Crawled caption data
━━━━━━

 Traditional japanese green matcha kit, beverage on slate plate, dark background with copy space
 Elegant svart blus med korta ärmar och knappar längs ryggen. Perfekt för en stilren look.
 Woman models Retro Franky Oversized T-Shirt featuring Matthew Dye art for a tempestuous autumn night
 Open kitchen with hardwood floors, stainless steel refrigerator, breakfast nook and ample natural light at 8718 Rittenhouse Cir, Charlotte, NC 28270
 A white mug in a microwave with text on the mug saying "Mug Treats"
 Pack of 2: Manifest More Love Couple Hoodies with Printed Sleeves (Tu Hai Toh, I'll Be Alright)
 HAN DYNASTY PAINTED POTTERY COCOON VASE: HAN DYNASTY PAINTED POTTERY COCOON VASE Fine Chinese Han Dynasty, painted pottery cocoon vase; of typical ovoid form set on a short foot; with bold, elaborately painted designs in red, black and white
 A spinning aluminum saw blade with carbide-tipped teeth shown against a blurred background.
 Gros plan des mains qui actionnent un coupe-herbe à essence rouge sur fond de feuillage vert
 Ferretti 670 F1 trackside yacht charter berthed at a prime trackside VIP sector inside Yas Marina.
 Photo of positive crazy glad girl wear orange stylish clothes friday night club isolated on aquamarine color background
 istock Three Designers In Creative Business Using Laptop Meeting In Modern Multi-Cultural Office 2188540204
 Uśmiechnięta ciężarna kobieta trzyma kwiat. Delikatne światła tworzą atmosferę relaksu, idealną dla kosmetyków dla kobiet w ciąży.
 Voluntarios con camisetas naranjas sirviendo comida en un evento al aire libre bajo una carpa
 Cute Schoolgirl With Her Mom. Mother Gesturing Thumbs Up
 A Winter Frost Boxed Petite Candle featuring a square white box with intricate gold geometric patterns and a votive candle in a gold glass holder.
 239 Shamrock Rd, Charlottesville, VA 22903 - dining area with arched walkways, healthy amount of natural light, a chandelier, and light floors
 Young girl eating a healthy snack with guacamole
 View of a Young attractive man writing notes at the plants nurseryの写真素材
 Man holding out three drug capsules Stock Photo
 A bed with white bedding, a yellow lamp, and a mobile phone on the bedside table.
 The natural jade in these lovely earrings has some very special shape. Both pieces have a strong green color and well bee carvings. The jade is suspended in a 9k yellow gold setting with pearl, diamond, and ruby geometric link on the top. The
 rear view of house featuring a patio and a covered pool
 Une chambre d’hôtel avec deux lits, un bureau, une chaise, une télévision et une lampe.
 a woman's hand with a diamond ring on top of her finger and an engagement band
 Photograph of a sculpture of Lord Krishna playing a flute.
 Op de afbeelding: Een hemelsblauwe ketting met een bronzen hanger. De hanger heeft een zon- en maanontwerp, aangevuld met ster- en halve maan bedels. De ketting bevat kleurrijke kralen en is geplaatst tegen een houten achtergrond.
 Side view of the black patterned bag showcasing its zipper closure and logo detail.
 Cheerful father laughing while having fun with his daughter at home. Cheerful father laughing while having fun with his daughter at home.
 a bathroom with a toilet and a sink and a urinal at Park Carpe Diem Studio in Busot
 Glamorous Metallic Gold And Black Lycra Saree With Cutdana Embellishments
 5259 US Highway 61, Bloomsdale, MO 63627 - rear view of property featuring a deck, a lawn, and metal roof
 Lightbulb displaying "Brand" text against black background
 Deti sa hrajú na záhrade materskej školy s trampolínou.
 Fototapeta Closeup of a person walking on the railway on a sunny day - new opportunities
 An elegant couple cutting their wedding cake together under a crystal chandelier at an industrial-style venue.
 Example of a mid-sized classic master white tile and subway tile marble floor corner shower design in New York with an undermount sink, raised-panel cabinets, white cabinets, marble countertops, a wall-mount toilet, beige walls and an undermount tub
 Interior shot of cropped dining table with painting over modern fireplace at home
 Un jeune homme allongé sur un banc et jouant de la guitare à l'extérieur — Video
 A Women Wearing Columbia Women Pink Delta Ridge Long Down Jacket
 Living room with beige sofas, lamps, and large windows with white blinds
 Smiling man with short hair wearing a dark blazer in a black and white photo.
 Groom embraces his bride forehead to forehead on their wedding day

━━━━━━

#### Exercise directions:
Begin with the line above that has "Example of a" and continue through the line that has "Un jeune homme", setting each one down exactly. Stop there.

#### Output of the task:
 Example of a mid-sized classic master white tile and subway tile marble floor corner shower design in New York with an undermount sink, raised-panel cabinets, white cabinets, marble countertops, a wall-mount toilet, beige walls and an undermount tub
 Interior shot of cropped dining table with painting over modern fireplace at home
 Un jeune homme allongé sur un banc et jouant de la guitare à l'extérieur — Video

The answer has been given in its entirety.